Shortly before he left office Archbishop Rowan Williams gave an Advent address to MPs in which he questioned whether the Christmas surge in church attendance might not owe more to a search for and assertion of national identity and less to an exercise in spiritual searching after divine Truth. I think he was worried about this, but I don’t think he should have been. Anyone drawn to us will soon discover that we are not exactly exponents of simplistic national certainties.
I do worry however when I hear it suggested that the Church would generate greater popular dynamism if it freed itself from its constitutional role and consequent legal constraints and became disestablished, released from forced engagement with an increasingly secular minded State. But it would probably lead to fragmentation on doctrinal and other grounds, to our collective loss as a Church but more fundamentally as a nation.
The constitutional anchor which the Church provides in a rapidly changing world to which all in spiritual and physical need may hook to find the safe and peaceful space and resources to resolve difference and identify common objectives and solutions for themselves and their communities, would be dragged by such forces leading to shipwreck.
I have tried tonight to explore a little how, in a country such as ours with no written constitution, the civil institutions including the Church of England which are our shared inheritance are the essential props of our wellbeing. As Churchill rightly said, “we shape our institutions and they then shape us.”

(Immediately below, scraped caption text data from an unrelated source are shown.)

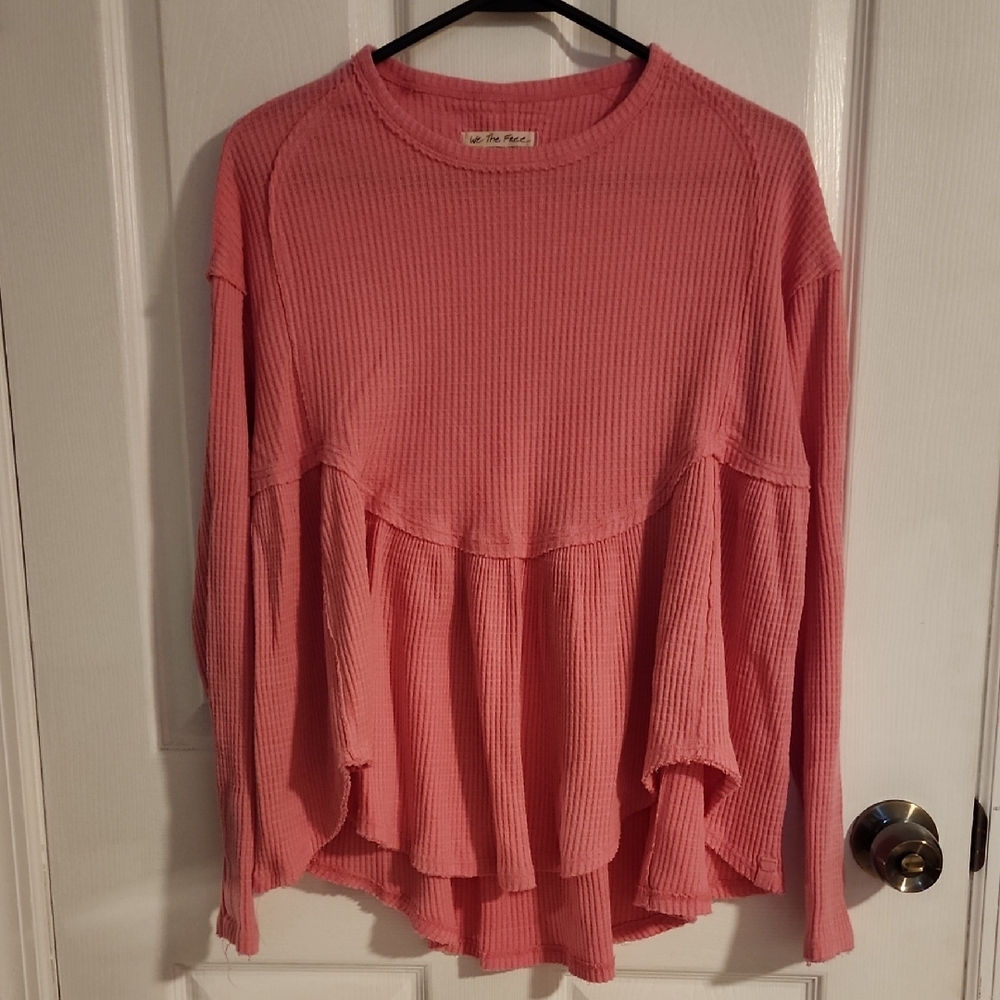 We The Free Pink Long Sleeve Top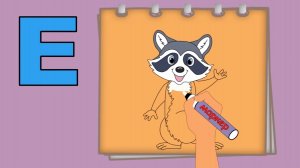 Буква Е.Рисуем алфавит. Учим буквы и звуки. Развивающие мультики для детей.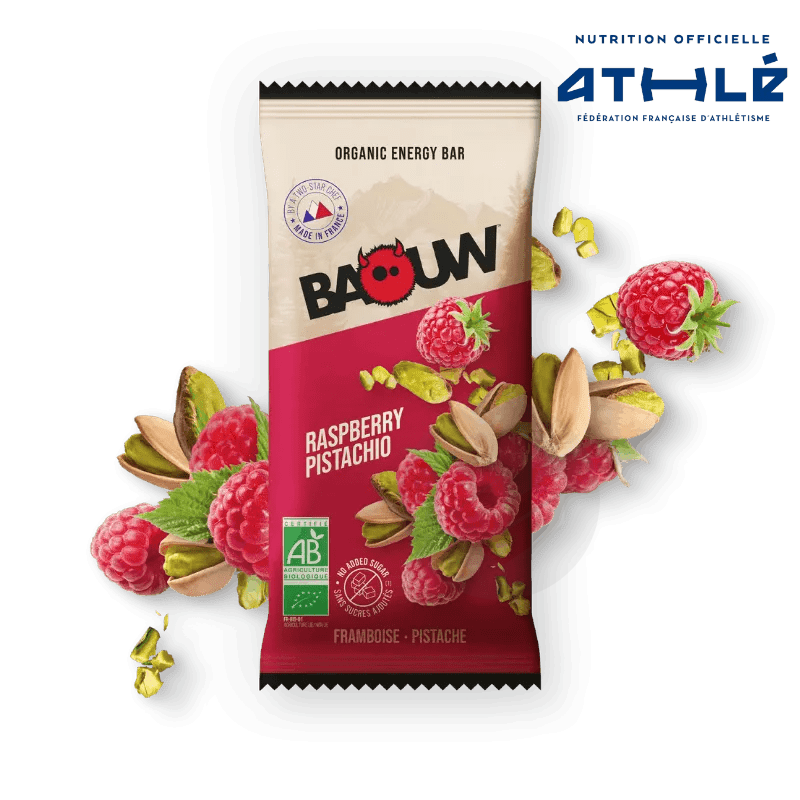 Barres Énergétiques Framboise Pistache 50g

We are fortunate that in our churches of many denominations, a shared history of struggling with difference and at times State persecution has helped produce a climate of tolerance and a desire for wide social engagement that has had such a profound effect on the promotion of ethical standards within both State and society. As the Archbishop of York has pointed out, it goes back a long way reminding us that the Venerable Bede “wrote of how not only were the English converted but how the Gospel played a major socialising and civilising role, by uniting the English from a group of warring tribes and conferring nationhood on them”. It is still going on all around us and as the General Synod said in its address to the Queen on her Diamond Jubilee.
“For our part we reaffirm the Church of England’s commitment to serve all the people of England who seek its ministry, wherever possible in co-operation with other Christian churches. We shall endeavour to maintain a Christian presence in every community, through our congregations, our ordained and lay ministers, and our church buildings and to contribute to the education of the next generation through our church schools. We shall continue to strive for greater cohesion in local communities, for better understanding between Christians and people of other faiths and for the improvement of relations between all peoples”
Long may this work continue. But for it do so, the Church must accept the difficult engagement with law, politics and communities of other faiths and none. Politicians of all parties in their turn must accept that the critique of their actions from the Christian Churches and other faiths will often be very uncomfortable. But as we moderate each other by our engagement, we can develop our ideas far better than if we do it apart and can help create the conditions where individuals can both more readily identify the common good and cooperate to achieve it.